Would we do the same? Likely not. But Jesus asks our lives of us, not that we go and kill ourselves, but that we die to our own desires, for those only lead to destruction. We will never be satisfied with anything, and will die in excess or in prison to addictions and lies. But when we carry our crosses to the hill and put ourselves there as we are, sinful and selfish, we are resurrected with him in glory! We are new creations, with new hearts, and all our old ways have been killed and redeemed for good.

And that, my friends, is how a noob pop star can teach you the gospel.

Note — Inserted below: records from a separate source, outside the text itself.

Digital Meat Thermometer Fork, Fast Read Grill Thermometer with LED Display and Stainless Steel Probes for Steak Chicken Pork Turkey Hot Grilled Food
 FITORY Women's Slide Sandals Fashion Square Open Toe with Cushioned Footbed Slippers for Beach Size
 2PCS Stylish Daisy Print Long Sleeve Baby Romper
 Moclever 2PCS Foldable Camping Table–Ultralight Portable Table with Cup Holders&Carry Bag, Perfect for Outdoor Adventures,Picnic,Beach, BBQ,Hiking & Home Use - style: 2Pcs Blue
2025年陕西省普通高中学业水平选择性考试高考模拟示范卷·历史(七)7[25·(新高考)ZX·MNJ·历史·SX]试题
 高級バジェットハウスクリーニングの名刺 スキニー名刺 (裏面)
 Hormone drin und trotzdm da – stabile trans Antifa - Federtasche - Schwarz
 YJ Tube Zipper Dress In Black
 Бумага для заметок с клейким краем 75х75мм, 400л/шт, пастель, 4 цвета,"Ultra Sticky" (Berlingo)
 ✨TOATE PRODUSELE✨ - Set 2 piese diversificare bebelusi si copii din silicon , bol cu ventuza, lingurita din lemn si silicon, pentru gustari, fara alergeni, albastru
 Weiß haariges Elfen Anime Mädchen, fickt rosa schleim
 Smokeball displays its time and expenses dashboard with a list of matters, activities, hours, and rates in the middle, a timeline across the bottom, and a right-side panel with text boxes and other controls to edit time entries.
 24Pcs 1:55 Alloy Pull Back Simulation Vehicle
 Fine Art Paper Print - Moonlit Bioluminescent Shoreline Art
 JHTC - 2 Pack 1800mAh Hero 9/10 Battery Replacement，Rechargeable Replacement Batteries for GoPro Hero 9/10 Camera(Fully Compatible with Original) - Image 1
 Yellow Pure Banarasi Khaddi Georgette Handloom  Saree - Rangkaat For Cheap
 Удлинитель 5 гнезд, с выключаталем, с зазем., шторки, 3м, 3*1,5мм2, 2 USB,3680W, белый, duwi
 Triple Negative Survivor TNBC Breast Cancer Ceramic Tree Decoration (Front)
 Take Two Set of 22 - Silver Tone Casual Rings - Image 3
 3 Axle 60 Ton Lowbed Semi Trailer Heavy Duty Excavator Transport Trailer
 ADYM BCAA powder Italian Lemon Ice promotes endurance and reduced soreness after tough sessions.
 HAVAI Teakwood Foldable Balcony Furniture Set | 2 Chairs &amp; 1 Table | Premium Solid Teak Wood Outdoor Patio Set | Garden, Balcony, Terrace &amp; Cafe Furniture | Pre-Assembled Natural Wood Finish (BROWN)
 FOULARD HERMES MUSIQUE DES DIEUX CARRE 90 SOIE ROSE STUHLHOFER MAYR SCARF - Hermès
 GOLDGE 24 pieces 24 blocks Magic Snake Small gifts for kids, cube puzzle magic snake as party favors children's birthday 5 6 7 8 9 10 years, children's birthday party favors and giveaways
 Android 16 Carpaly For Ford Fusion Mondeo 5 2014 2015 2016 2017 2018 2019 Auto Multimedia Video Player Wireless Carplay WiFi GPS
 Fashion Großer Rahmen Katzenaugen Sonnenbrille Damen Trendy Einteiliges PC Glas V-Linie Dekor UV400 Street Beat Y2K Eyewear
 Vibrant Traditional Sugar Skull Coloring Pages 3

But, I reiterate, I am not planning on squeezing God messages out of radio hits for a living -- sketchy territory, mostly because I'd look like such a wannabe, haha. (And I don't know that there's hope for Lil' Wayne yet, except maybe the part about open bibles in that "What Is Love?" remake.) I just wanted to share how something I was pretty cynical about became something I can appreciate in a different way.

Maybe sometime I'll dive into "Just the Way You Are" if we really want to go nuts about my boy Bruno, but that's a story for a less sleepy and more optimistic Lara. :)

Saturday, February 12, 2011

Seasons

Not often does a bible verse ring so eerily, exactly appropriate for a specific moment in my life as right now.

"Rejoice with those who rejoice; weep with those who weep." Romans 12:15

I'm sorry for how apathetic or even slightly spiteful my heart has been toward those I know who are recently engaged. You have every reason to be thrilled and overjoyed, and I will rejoice with you.

And, my dear friend, I'm so sorry for what has happened to you today. My heart is sunken and my stomach feels heavy inside of me. I can't even begin to imagine the horrible pain of losing a little brother, and I will not pretend to understand or say that I know the best way to just feel better. I love you, and I'm praying for you so hard right now. I will weep with you.

Monday, February 7, 2011

Dig Deeper

How often do we see lemons and nasty fruit in our lives and keep trying to pluck them all and throw them away when they will just keep growing back? All of our behaviors, addictions, reactions, thought processes, and the like grow from somewhere much deeper.

"Above all else, guard your heart, for everything you do flows from it." Proverbs 4:23

Roots and vines grow out of this heart, and the crappy things growing that we see, recognize as bad, and attack are only going to keep returning until we hack away at the vines, roots, ultimately until we reach the heart. But we can't change the place where the water flows, the seeds will be planted, and grow from. We don't have that power, or the will to do so, for that matter, even if the capability was in our grasp.

"I will give you a new heart and put a new spirit in you; I will remove from you your heart of stone and give you a heart of flesh." Ezekiel 36:26

I see it in myself. I will dabble in what seem to be all kinds and types of things that I either know are bad or detrimental, or just can't seem to help but do, and then step back and wonder how I could have so many problems. I watch myself run around to different false idols, false hopes, false promises and giving up when each one doesn't deliver fast. But in my maturing in Christ, He has revealed to me how many of them are related. I deal with the same lie that has taken root inside of me by doing different things at different times, either throughout my ordinary week or through whole seasons of my life.

Look at the things that disappoint you, that you know won't satisfy, that are destroying you slowly. Don't some of them really manifest the same thing? My pride compels me to do several crappy things, by comparing myself or judging others or talking too much, but they all stem from the same lie: I'm more valuable than others.

This is something the Lord is breaking me over today. He's showing me just how deeply my sin, my troubles go within me, but how much hope there is even for the darkest and most terrible things about who I am. In Christ, before His eyes, I am nothing but a pure, clear well of water, with vines full of good, healthy things. And He is working on me to look more like that in the eyes of people, too.